Cornelius Dupree Jr a un nom qui aurait pu être celui d’un chanteur de doo wop dans les early sixties. Mais Cornelius Dupree Jr n’aura pas tellement eu l’occasion de chanter dans sa vie. Il vient en effet de passer trente ans derrière les barreaux d’une prison texane, ce qui signifie qu’il y est entré à 21 ans en 1980 pour en ressortir en 2010 à 51 ans. C’est long. Surtout quand on est innocent.
Expertise ADN
Parce que figurez-vous que Cornelius Jr est innocent. Bien qu’il soit noir comme plus de la moitié des détenus états-uniens, Cornelius Dupree Jr a été blanchi. Il a fallu pour cela une expertise ADN du viol et du vol en 1979 d’une jeune femme, laissée pour morte sur une autoroute, qui était persuadée de l’avoir reconnu.

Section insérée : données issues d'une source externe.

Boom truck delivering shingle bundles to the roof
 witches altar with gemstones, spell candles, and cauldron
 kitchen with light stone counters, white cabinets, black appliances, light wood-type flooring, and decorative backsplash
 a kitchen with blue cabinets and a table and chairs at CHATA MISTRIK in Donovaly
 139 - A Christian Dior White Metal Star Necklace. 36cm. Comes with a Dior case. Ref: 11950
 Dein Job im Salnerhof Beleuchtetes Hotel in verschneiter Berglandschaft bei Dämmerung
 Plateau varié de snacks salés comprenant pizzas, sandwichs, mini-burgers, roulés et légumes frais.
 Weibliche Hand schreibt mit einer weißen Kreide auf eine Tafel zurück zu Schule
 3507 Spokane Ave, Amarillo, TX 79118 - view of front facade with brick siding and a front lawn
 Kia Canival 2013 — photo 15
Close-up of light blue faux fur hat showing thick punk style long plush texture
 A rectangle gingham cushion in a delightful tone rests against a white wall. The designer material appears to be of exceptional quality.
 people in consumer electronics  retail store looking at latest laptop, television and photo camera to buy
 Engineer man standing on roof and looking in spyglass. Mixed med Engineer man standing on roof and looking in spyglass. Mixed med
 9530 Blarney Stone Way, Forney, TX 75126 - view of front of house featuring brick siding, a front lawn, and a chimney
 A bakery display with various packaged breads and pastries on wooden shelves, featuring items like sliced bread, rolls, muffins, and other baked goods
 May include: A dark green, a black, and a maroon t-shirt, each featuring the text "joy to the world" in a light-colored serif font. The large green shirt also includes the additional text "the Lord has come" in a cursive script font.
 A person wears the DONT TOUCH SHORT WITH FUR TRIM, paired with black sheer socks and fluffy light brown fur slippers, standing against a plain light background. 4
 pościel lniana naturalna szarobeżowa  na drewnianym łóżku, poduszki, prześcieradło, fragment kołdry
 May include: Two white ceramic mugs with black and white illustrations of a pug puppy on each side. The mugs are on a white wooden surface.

Ce n’est pas de chance pour Cornelius. Les Noirs se ressemblent un peu tous. Regardez les groupes de doo wop, justement. Allez faire la distinction entre les Orioles, les Coasters, les Drifters ou les Temptations. À la voix, peut-être, et encore… Les vieux scopitones sont d’un flou…Et la nuit, si Ben. E King tente de vous violer, comment savoir si ce n’est pas Sam Cooke? Ou Cornelius Dupree Jr ? Tiens, Sam Cooke… Cooke était une des plus belles voix de la soul. Cela ne l’a pas empêché de mourir abattu dans des conditions assez mystérieuses par la tenancière d’un motel en 1964. Il paraît qu’il maltraitait la prostituée qu’il avait amenée avec lui. Il paraît aussi qu’il énervait beaucoup de monde par sa célébrité qu’il mettait au service des droits civiques. Les Noirs, surtout jeunes, meurent souvent par balles. Question d’ADN, si ça se trouve, de prédisposition génétique…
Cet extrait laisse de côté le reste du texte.